[Opening AVAILABLE DATA section]

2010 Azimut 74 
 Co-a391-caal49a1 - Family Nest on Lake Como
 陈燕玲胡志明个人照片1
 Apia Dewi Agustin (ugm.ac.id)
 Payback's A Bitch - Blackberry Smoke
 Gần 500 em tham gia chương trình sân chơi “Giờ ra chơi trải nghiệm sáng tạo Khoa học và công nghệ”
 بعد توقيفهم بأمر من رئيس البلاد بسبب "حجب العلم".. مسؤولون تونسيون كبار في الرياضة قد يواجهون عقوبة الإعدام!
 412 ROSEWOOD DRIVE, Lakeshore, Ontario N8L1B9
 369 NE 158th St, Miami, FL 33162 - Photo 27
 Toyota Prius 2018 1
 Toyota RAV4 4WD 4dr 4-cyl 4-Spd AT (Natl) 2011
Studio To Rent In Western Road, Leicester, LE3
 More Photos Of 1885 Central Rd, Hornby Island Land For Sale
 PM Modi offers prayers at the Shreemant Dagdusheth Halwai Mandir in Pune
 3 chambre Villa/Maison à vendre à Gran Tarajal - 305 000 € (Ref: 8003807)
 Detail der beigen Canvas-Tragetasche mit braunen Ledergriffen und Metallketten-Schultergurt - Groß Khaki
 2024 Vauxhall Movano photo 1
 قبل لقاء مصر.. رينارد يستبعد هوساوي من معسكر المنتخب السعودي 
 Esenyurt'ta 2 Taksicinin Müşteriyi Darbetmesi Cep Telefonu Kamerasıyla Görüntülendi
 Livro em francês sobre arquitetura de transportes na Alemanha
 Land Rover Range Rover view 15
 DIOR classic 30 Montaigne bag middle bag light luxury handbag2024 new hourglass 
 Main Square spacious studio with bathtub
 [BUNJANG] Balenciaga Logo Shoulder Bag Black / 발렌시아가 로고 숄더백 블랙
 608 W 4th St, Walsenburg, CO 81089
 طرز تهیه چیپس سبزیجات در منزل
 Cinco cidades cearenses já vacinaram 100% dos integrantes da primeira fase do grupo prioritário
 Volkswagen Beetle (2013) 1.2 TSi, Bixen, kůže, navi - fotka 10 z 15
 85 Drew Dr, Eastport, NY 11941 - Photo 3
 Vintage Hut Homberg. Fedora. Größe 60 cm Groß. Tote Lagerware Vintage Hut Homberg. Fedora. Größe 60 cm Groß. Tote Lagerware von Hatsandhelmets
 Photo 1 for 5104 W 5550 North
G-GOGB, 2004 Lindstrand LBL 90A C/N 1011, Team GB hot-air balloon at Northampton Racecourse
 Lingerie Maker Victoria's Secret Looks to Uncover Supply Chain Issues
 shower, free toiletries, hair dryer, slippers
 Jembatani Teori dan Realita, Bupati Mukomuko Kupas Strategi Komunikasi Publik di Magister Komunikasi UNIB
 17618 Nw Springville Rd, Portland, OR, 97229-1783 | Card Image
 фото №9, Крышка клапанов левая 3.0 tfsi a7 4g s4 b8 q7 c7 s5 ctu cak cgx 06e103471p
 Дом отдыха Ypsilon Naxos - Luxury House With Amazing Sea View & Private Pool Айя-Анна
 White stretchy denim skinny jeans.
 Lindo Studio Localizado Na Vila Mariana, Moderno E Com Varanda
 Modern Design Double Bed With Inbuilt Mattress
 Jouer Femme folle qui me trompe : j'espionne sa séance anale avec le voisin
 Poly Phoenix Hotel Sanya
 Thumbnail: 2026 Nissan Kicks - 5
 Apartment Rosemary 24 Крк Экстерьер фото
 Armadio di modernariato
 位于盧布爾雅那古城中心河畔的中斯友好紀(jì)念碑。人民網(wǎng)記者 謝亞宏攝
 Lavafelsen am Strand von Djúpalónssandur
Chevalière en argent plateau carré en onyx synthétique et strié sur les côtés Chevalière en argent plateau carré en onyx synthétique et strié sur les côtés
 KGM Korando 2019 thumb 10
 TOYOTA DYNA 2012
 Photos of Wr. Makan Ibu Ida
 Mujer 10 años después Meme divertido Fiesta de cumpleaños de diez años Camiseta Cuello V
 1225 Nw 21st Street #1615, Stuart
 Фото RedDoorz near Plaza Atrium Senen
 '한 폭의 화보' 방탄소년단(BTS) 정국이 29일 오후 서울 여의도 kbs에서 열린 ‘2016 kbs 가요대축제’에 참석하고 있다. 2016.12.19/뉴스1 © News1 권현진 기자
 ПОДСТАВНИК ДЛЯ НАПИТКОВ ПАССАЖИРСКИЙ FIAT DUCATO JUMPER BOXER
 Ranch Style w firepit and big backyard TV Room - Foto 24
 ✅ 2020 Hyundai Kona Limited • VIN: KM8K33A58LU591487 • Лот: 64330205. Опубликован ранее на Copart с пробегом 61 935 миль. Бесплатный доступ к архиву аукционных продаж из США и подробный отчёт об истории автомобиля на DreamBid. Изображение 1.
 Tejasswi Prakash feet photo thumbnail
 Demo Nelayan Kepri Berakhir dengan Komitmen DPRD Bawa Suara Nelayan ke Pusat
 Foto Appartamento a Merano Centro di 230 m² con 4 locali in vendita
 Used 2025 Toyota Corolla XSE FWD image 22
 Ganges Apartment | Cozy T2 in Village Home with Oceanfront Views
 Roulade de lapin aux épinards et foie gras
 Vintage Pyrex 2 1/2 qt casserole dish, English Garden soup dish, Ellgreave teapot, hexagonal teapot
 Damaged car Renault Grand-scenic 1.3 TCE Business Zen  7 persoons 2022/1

[Closing AVAILABLE DATA section]

■ YOUR ASSIGNMENT
Your answer must be every record above, set down exactly as written.

■ REPLY TO THE EXERCISE
2010 Azimut 74 
 Co-a391-caal49a1 - Family Nest on Lake Como
 陈燕玲胡志明个人照片1
 Apia Dewi Agustin (ugm.ac.id)
 Payback's A Bitch - Blackberry Smoke
 Gần 500 em tham gia chương trình sân chơi “Giờ ra chơi trải nghiệm sáng tạo Khoa học và công nghệ”
 بعد توقيفهم بأمر من رئيس البلاد بسبب "حجب العلم".. مسؤولون تونسيون كبار في الرياضة قد يواجهون عقوبة الإعدام!
 412 ROSEWOOD DRIVE, Lakeshore, Ontario N8L1B9
 369 NE 158th St, Miami, FL 33162 - Photo 27
 Toyota Prius 2018 1
 Toyota RAV4 4WD 4dr 4-cyl 4-Spd AT (Natl) 2011
Studio To Rent In Western Road, Leicester, LE3
 More Photos Of 1885 Central Rd, Hornby Island Land For Sale
 PM Modi offers prayers at the Shreemant Dagdusheth Halwai Mandir in Pune
 3 chambre Villa/Maison à vendre à Gran Tarajal - 305 000 € (Ref: 8003807)
 Detail der beigen Canvas-Tragetasche mit braunen Ledergriffen und Metallketten-Schultergurt - Groß Khaki
 2024 Vauxhall Movano photo 1
 قبل لقاء مصر.. رينارد يستبعد هوساوي من معسكر المنتخب السعودي 
 Esenyurt'ta 2 Taksicinin Müşteriyi Darbetmesi Cep Telefonu Kamerasıyla Görüntülendi
 Livro em francês sobre arquitetura de transportes na Alemanha
 Land Rover Range Rover view 15
 DIOR classic 30 Montaigne bag middle bag light luxury handbag2024 new hourglass 
 Main Square spacious studio with bathtub
 [BUNJANG] Balenciaga Logo Shoulder Bag Black / 발렌시아가 로고 숄더백 블랙
 608 W 4th St, Walsenburg, CO 81089
 طرز تهیه چیپس سبزیجات در منزل
 Cinco cidades cearenses já vacinaram 100% dos integrantes da primeira fase do grupo prioritário
 Volkswagen Beetle (2013) 1.2 TSi, Bixen, kůže, navi - fotka 10 z 15
 85 Drew Dr, Eastport, NY 11941 - Photo 3
 Vintage Hut Homberg. Fedora. Größe 60 cm Groß. Tote Lagerware Vintage Hut Homberg. Fedora. Größe 60 cm Groß. Tote Lagerware von Hatsandhelmets
 Photo 1 for 5104 W 5550 North
G-GOGB, 2004 Lindstrand LBL 90A C/N 1011, Team GB hot-air balloon at Northampton Racecourse
 Lingerie Maker Victoria's Secret Looks to Uncover Supply Chain Issues
 shower, free toiletries, hair dryer, slippers
 Jembatani Teori dan Realita, Bupati Mukomuko Kupas Strategi Komunikasi Publik di Magister Komunikasi UNIB
 17618 Nw Springville Rd, Portland, OR, 97229-1783 | Card Image
 фото №9, Крышка клапанов левая 3.0 tfsi a7 4g s4 b8 q7 c7 s5 ctu cak cgx 06e103471p
 Дом отдыха Ypsilon Naxos - Luxury House With Amazing Sea View & Private Pool Айя-Анна
 White stretchy denim skinny jeans.
 Lindo Studio Localizado Na Vila Mariana, Moderno E Com Varanda
 Modern Design Double Bed With Inbuilt Mattress
 Jouer Femme folle qui me trompe : j'espionne sa séance anale avec le voisin
 Poly Phoenix Hotel Sanya
 Thumbnail: 2026 Nissan Kicks - 5
 Apartment Rosemary 24 Крк Экстерьер фото
 Armadio di modernariato
 位于盧布爾雅那古城中心河畔的中斯友好紀(jì)念碑。人民網(wǎng)記者 謝亞宏攝
 Lavafelsen am Strand von Djúpalónssandur
Chevalière en argent plateau carré en onyx synthétique et strié sur les côtés Chevalière en argent plateau carré en onyx synthétique et strié sur les côtés
 KGM Korando 2019 thumb 10
 TOYOTA DYNA 2012
 Photos of Wr. Makan Ibu Ida
 Mujer 10 años después Meme divertido Fiesta de cumpleaños de diez años Camiseta Cuello V
 1225 Nw 21st Street #1615, Stuart
 Фото RedDoorz near Plaza Atrium Senen
 '한 폭의 화보' 방탄소년단(BTS) 정국이 29일 오후 서울 여의도 kbs에서 열린 ‘2016 kbs 가요대축제’에 참석하고 있다. 2016.12.19/뉴스1 © News1 권현진 기자
 ПОДСТАВНИК ДЛЯ НАПИТКОВ ПАССАЖИРСКИЙ FIAT DUCATO JUMPER BOXER
 Ranch Style w firepit and big backyard TV Room - Foto 24
 ✅ 2020 Hyundai Kona Limited • VIN: KM8K33A58LU591487 • Лот: 64330205. Опубликован ранее на Copart с пробегом 61 935 миль. Бесплатный доступ к архиву аукционных продаж из США и подробный отчёт об истории автомобиля на DreamBid. Изображение 1.
 Tejasswi Prakash feet photo thumbnail
 Demo Nelayan Kepri Berakhir dengan Komitmen DPRD Bawa Suara Nelayan ke Pusat
 Foto Appartamento a Merano Centro di 230 m² con 4 locali in vendita
 Used 2025 Toyota Corolla XSE FWD image 22
 Ganges Apartment | Cozy T2 in Village Home with Oceanfront Views
 Roulade de lapin aux épinards et foie gras
 Vintage Pyrex 2 1/2 qt casserole dish, English Garden soup dish, Ellgreave teapot, hexagonal teapot
 Damaged car Renault Grand-scenic 1.3 TCE Business Zen  7 persoons 2022/1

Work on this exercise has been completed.